El cónclave que, en abril de 2005, eligió papa al cardenal Ratzinger -que rigió la Iglesia como Benedicto XVI- dio la primera pista para la futura designación de Jorge Mario Bergoglio. El arzobispo de Buenos Aires quedó segundo en las votaciones de la Capilla Sixtina.
Evoco aquella tarde romana, cuando me dirigía a la Pontificia Universidad Gregoriana para entrevistar al jesuita mallorquín Luis Ladaria. El taxista aumentó el volumen de la radio.
-Fumata bianca.- exclamó. Llamé a Ladaria, que relevó a Benedicto XVI al frente de la Comisión Teológica Internacional.
-Es Ratzinger. Nos encontramos en el Vaticano.- respondió, contundente y entusiasmado, quien sería creado cardenal en 2017 por el papa Francisco.
Efectivamente, el sucesor de Juan Pablo II era el cardenal de Baviera que supo unir razón y fe. Aún cuando el cónclave se celebra a puerta cerrada -bajo llave, tras el rotundo extra omnes que pronuncia el maestro de ceremonias pontificias- tuve la oportunidad de conversar con varios cardenales.
Descubrí que aquel desconocido arzobispo argentino se había situado el segundo en las votaciones que auparon al favorito Ratzinger a la cátedra de San Pedro. Tomé buena nota, empecé a seguir la trayectoria y las declaraciones de Bergoglio, porque el pontificado de Benedicto XVI no iba a ser largo. En febrero de 2013, cuando aún no llevaba ocho años, presentó la renuncia.

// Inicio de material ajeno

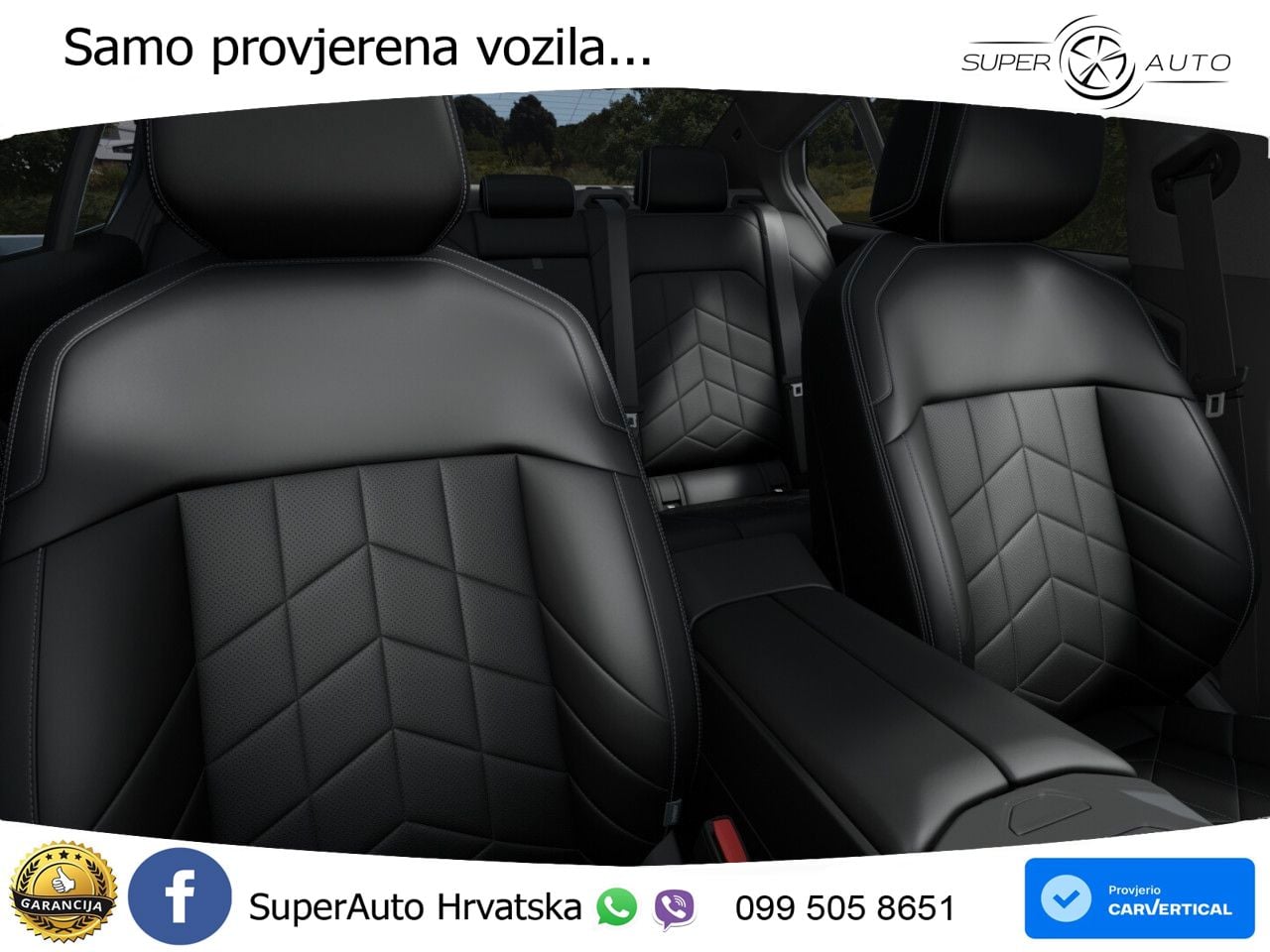 BMW 520i (208 KS) Steptronic M Sport ACC+HEAD+4xGR SJED+360+PANO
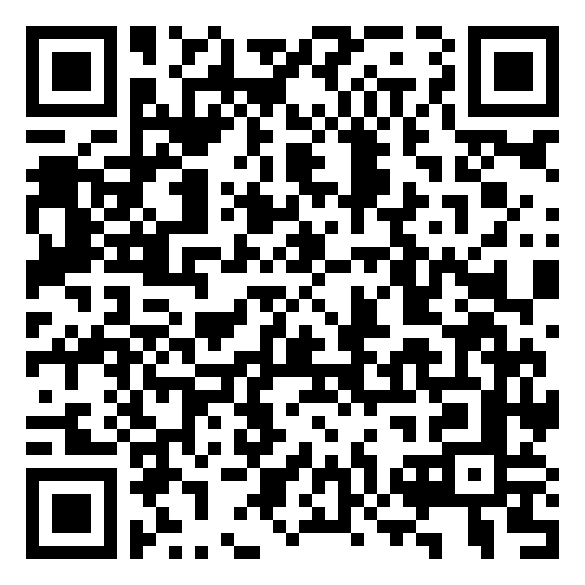 kod QR z danymi kontaktowymi 36375588100000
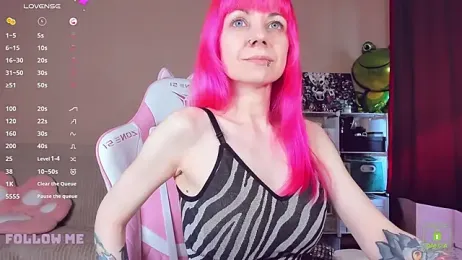 AmyRose6969 — Stripchat stream photo (Jun 2026)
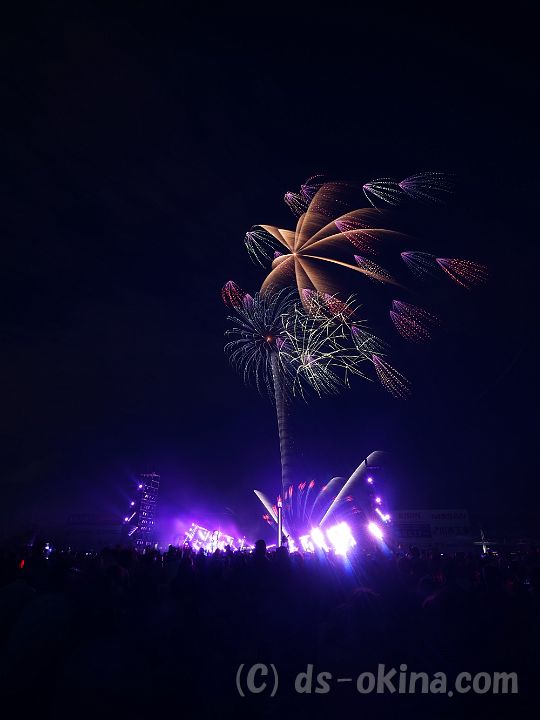 20160602_193451_0.jpg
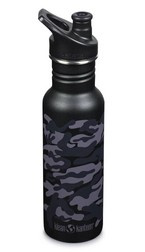 Butelka Turystyczna Klean Kanteen Classic Narrow 532 ml
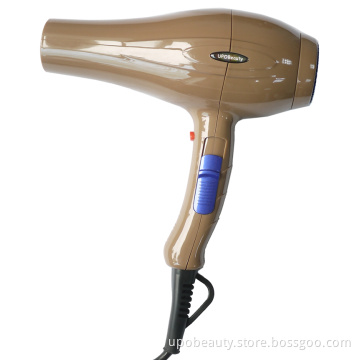 Professional Hair Dryer #5874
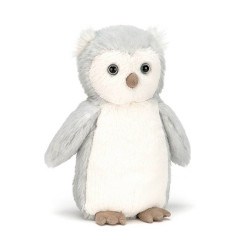 Knuffel Uil Chick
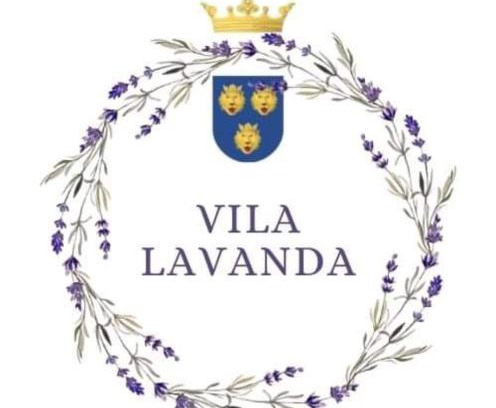 Blato Villa | Villa Lavanda Živogošće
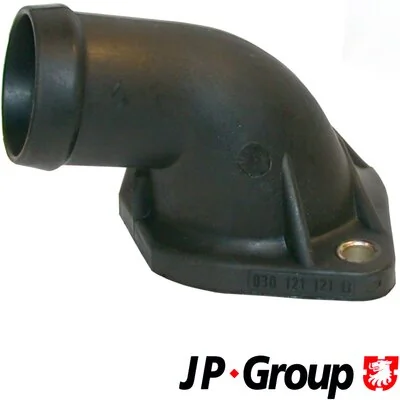 Coolant Flange JP 1114505500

Convocado el cónclave y cuando empezaron a circular nombres de candidatos y se desataron las especulaciones, observé que el arzobispo de Buenos Aires no aparecía en la relación de papables. Entonces escribí, espoleado por la intuición y por lo que había vivido en Roma en abril de 2005, que el sucesor de Ratzinger sería un obispo jesuita, que llegaría al Vaticano desde América y que ejercía su ministerio como franciscano.
Me refería a Bergoglio, elegido por el malestar de los cardenales que no formaban parte de la Curia vaticana, molestos con el funcionamiento de los dicasterios y la arrogancia de muchos curiales. Llegaban los ecos del escándalo financiero del opaco Banco Vaticano. Y reclamaban respuestas y condenas más severas para los abusos sexuales del clero que se había desviado.
Jorge Mario Bergoglio, conocido por la firmeza y eficacia con que había gestionado la Iglesia argentina, pronunció un discurso ante los cardenales antes de que dieran comienzo las votaciones.
Fue una intervención decisiva. Sus planteamientos, que llegaban desde el fin del mundo, calaron hondo. Aquel arzobispo que había nacido en el seno de una familia de inmigrantes italianos hablaba alto y claro. Pidió «salir del caparazón para llegar a la gente de las periferias físicas y espirituales». Fue escuchado y empezó a cosechar votos.
En la quinta ronda superó los dos tercios. Al ser preguntado si aceptaría, respondió: «Aunque soy un pecador, acepto». El cardenal Claudio Hummes, de Brasil, lo abrazó y le dijo: «No te olvides de los pobres». Francisco nunca los olvidó ni desatendió.